Since then, one of the anchors had demonstratively quit journalism to take up the traditional dissident occupation of stove- stoker, another had moved to Ukraine and had his own show there, but the rest of those journalists had found some accommodation within the new, entirely state-controlled television world. Some were enthusiastically stumping for Putin, while others confined themselves to culture and apparently innocuous social issues. The city had built a monorail road to the television tower. And Seryozha forgot about that protest. If someone had asked him, the day before he went to Bolotnaya Square, whether he had ever been to a protest, he would have been adamant that he had not.
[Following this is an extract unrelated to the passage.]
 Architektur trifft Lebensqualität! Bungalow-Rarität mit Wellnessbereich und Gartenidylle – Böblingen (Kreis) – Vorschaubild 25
He would have said, in fact, that up until a few months ago, when he first learned of the Makarov case, he had had no argument with the regime.
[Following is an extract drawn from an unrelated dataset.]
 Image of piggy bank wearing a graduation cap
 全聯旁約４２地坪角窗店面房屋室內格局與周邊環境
Now someone very loud on or near the stage began shouting, "Down with Putin!" A few hundred people picked up the chant. Seryozha did not. Something about it made him uncomfortable. He had not come here to bring down Putin. He did not want to think of himself as a revolutionary—to his grandfather, that had been a dirty word. All that had gone wrong, Alexander Nikolaevich believed, had been the result of drastic action taken without forethought. Good change could be only gradual and intentional. Also, Seryozha did not want to chant. Chanting put one in mind of either Communist-era parades, which Seryozha remembered, or perhaps felt like he remembered, or of the Kremlin youth movements, which sought ecstasy in unity and aggression. Seryozha did not want ecstasy. He wanted to register his existence as someone separate and different from the state. For this purpose, he wore a white ribbon. Somehow, over the last few days, white had become the color of this protest. It was a symbol like Ukraine's orange, but also its opposite. White was pure, it was nonaggressive, and it was every color. It was important to Seryozha and to the people he was now meeting here that this was not a protest of any political party or movement. They preferred to think of it as not being political at all.
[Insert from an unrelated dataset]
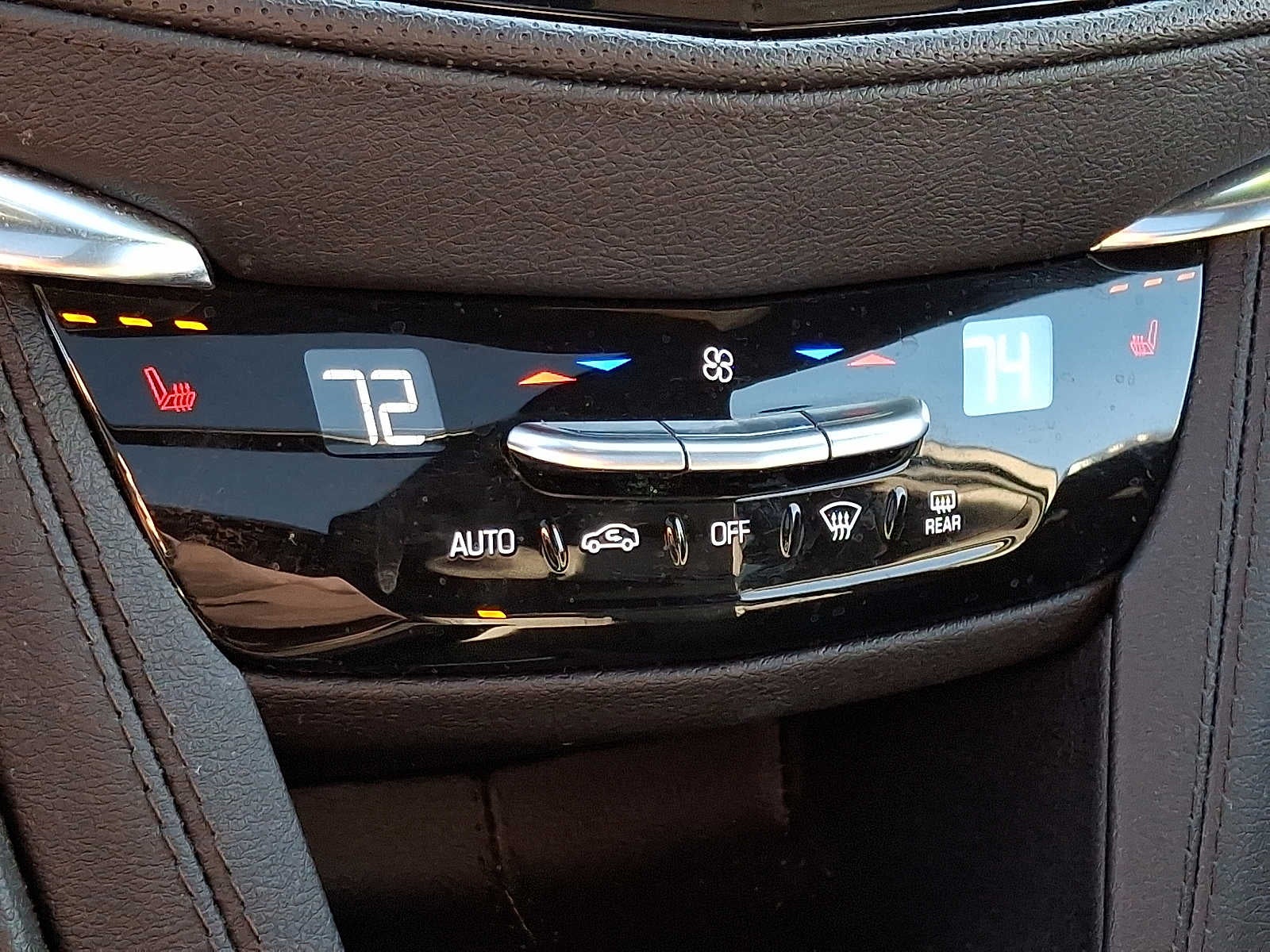 2023 Cadillac XT5 Sport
alexandre bikbov, the sociologist who had been providing an educational alternative for students of Moscow State University's sociology department, now turned his seminar into a mobile survey unit. Their goal was to ask people what they were doing, and why, while they were doing it. Both the Kremlin and the media in Russia and abroad quickly accepted the understanding that the protesters were members of the middle class who opposed Putin. One commonly used phrase was "angry city dwellers," where "city dweller" implied affluence and youth. The Levada Center conducted surveys that showed that the protesters were not in fact predominantly affluent—they included some poor people, many people of moderate means, and some rich people. Nor were they predominantly young: just slightly more than half were under forty, but 22 percent were older than fifty-five.25
Bikbov found that they were also not particularly angry. They liked to joke, and they loved a good funny banner, like i didn't vote for these assholes, i voted for the other assholes, the runaway favorite among the many visual and textual gags held up on handwritten placards at Bolotnaya. The humor,Bikbov concluded, served a dual purpose. On the one hand, it defused the feeling of having been violated: one is less of a victim if one can laugh about it. It also signaled that the protesters were not dangerous. Revolutionaries do not kid around. By cracking jokes the protesters shifted their focus from the Kremlin to one another. The protest seemed like a contest in which like-minded people looked for the wittiest person among them.26
Afterward, participants combed social networks to see if their particular placard had become an audience favorite."White, the color of our protest, is a good symbol," wrote Nemtsov in a euphoric blog post on December 10. "It means that protest participants can harbor no 'dark' thoughts." The blog post began with the words, "I am happy. The 10th of December, 2011, will go down in history as the day of resurrection of civic dignity and civil society. After ten years of hibernation, Moscow and all of Russia have awakened."27
It was all of Russia indeed. On or around the same day, nearly a hundred Russian cities and towns—which is to say, all of Russia's cities and towns—saw protest rallies, demonstrations, or marches. In several places, the relative number of participants—the percentage of a town's population that came out to protest—far exceeded that of Moscow.